Zhou Wangshu stretched out his hand and slowly, he pulled the letters from Wu Yiming's grasp.
Maybe he had always known.
Maybe he had always been suspicious of the emperor.
But Wu Yingyue??
Zhou Wangshu's grip tightened, his nails pressing into the parchment as a storm of emotions surged through him. Rage. Hatred. Betrayal. It crashed over him in waves, relentless and suffocating.
His breath grew ragged, his vision edged with red.
If any of this was true—
If even a single word in these letters was real—
He would kill him.
He would kill Wu Yingyue with his own hands.
—------------------------------------------------------------------------------------------------------------------------------------------------------------------------
The night was deep, the cold settling in like an unseen mist. A single lantern flickered in the quiet chamber, its dim glow casting long shadows against the walls.
Wu Yingyue sat before a large canvas, his brush moving in slow, deliberate strokes. His sleeves were rolled up, exposing the pale skin of his wrist,
now marred with a fresh, shallow cut.
Droplets of blood spattered onto the wooden floor.
He dipped the brush back into the pool of red mingling with ink and dragged it across the canvas, stroke by stroke, he painted contours of Zhou Wangshu's face once more.

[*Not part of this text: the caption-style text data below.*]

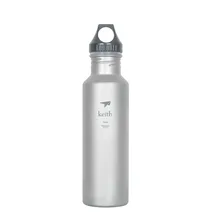 Ti3052 keith titanium sport botellas ciclismo acampar al aire libre botella de agua 127g 700 ml ti52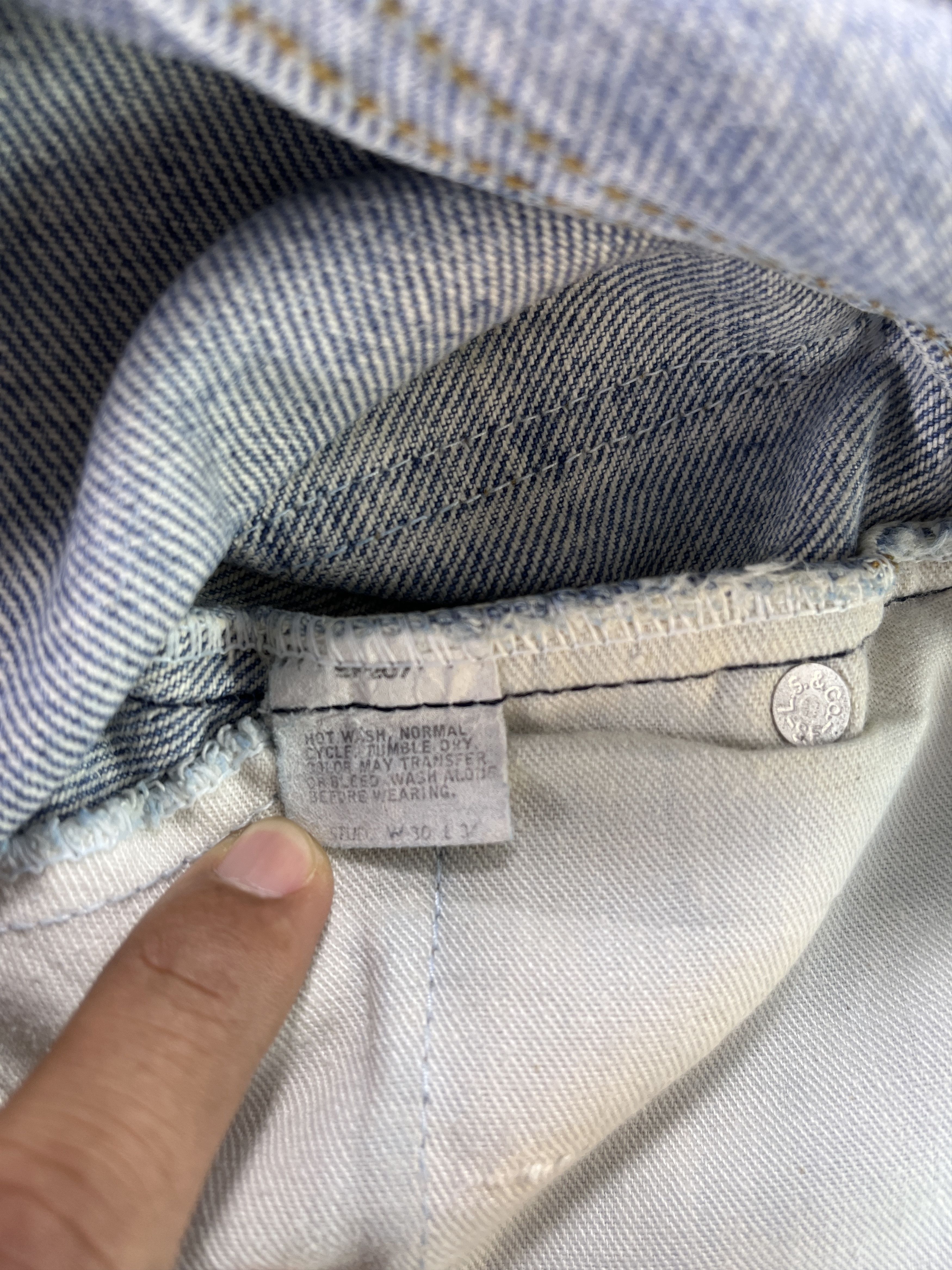 Levi's × Vintage 80s Vintage Levis 705 Slim Fit Jeans - J108 Size US 30 / EU 46 - 9 Thumbnail
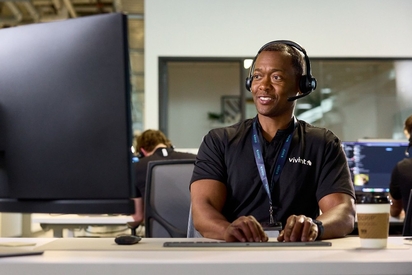 Vivint security monitoring professional.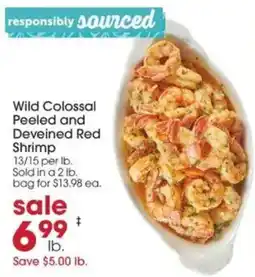 Giant Eagle Wild Colossal Peeled and Deveined Red Shrimp offer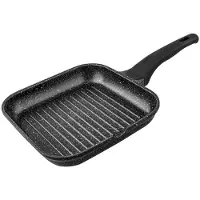 Supreme Griglia In Pietra Con Manico Fisso A Righe 28 Cm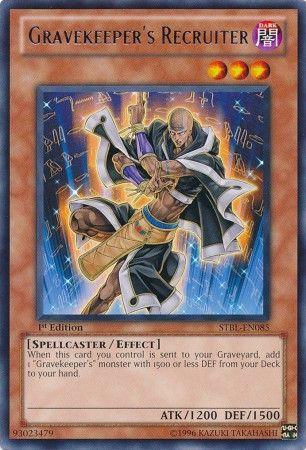 Gravekeeper's Recruiter [1st Edition] STBL-EN085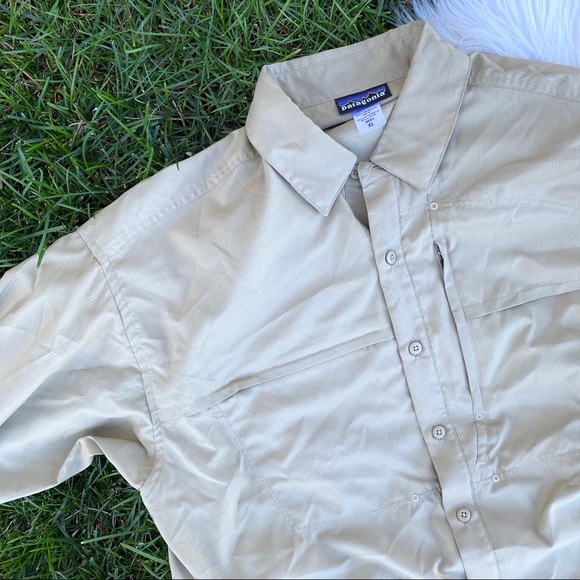 Patagonia Other - Patagonia tan outdoor button down XL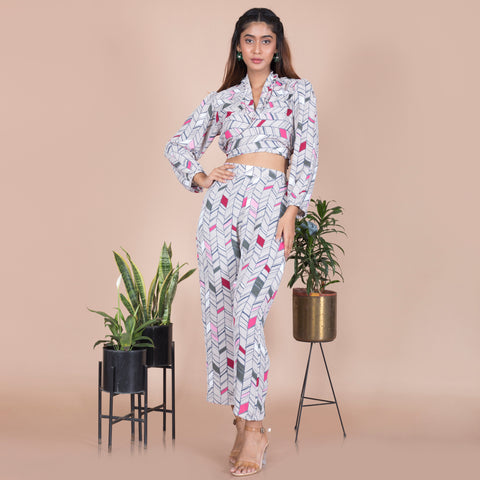 Abstract printed Co Ord Set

Wu Yingyue sat motionless, his brush hovering over the canvas. The image of Zhou Wangshu stared back at him, not yet complete, yet already haunting in its likeness. His hand trembled, a single drop of blood rolled from his wrist, landing onto the canvas. The red bloomed like a wound over Zhou Wangshu's painted throat.
A laugh, quiet and breathless, escaped his lips.
The candlelight flickered, revealing the countless portraits lining the walls.
Old. Faded. Some frayed at the edges, as if handled too many times. Some barely preserved, their ink beginning to bleed into the silk. But each one bore the same face—
Zhou Wangshu.
A boy standing beneath plum blossoms. A young man, gaze sharp with ambition, robes flowing like a prince of the heavens.
Zhou Wangshu at ten, at fifteen, at eighteen.
They had been here for years. Preserved, untouched, yet ever-present.
The candlelight wavered. Shadows stretched long against the walls.
And for a moment, it seemed as though the countless painted eyes were watching him.